|M.Sc Student||Zingman Igor|
|Subject||Analysis and Classification of Tissue Section Images|
|Department||Department of Electrical Engineering||Supervisor||Professor Ron Meir|
We consider the problem of automating the analysis and classification of microscopic biopsy images used for breast cancer diagnosis. Our classification is mainly based on visible patterns or arrangements of cell groups rather than on the morphology of individual cells. A great deal of work has been dedicated to automation in cytological analysis (dealing with information from individual cells) using computer vision methods. In contrast, the high degree of complexity of histological images prevents the widespread expansion of automated image processing tools to the analysis of tissue sections.
We present two major aspects of automated analysis: segmentation and feature extraction. In particular, we suggest two techniques for the adaptive segmentation of histological images. The first approach is based solely on intensity values and the search for an appropriate global threshold. The technique works uniformly well for a wide range of image histograms with equal and very unequal intensity modes. The second method uses a color transformation technique developed specifically to distinguish between different regions of stained tissue specimens, each with different spectral properties. This method enables the separation of bluish cellular patterns, unlike other simple methods, such as automated thresholding of hue histograms. The method is based on a model of light subtraction that predicts the unique distribution of chromacities.
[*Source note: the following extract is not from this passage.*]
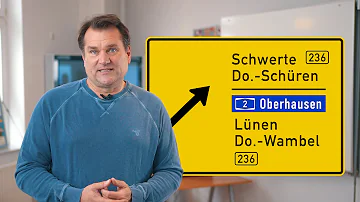 Wie liest man Schilder auf der Autobahn?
The prior knowledge on color distribution is used to separate the main shades of stained tissue regardless of the inconsistency of the staining strength through the specimen. The combination of intensity and color information leads to the proper segmentation of stained cellular patterns in complex histological images.
Once cellular structures are segmented, the relevant tissue features should be extracted to perform the final diagnosis. In this work we propose an original method based on the framework of mathematical morphology in order to extract features. Specifically, the concept of a morphological pattern spectrum was used to reveal features expected to contain relevant information for cancer discrimination. The pattern spectrum enables the measurement of the distribution of sizes (of a predefined pattern) within the image. We extended the regular pattern spectrum by considering the spatial information in addition to the size and shape attributes. The extended pattern spectrum yields signature maps of low dimensionality, where the information about the densities of structures of different sizes is preserved. The maps are built by an iterative procedure based on the proposed opening operator. The image signatures of cancerous tissue samples are then categorized by standard classification methods. The encouraging classification results justify the proposed features.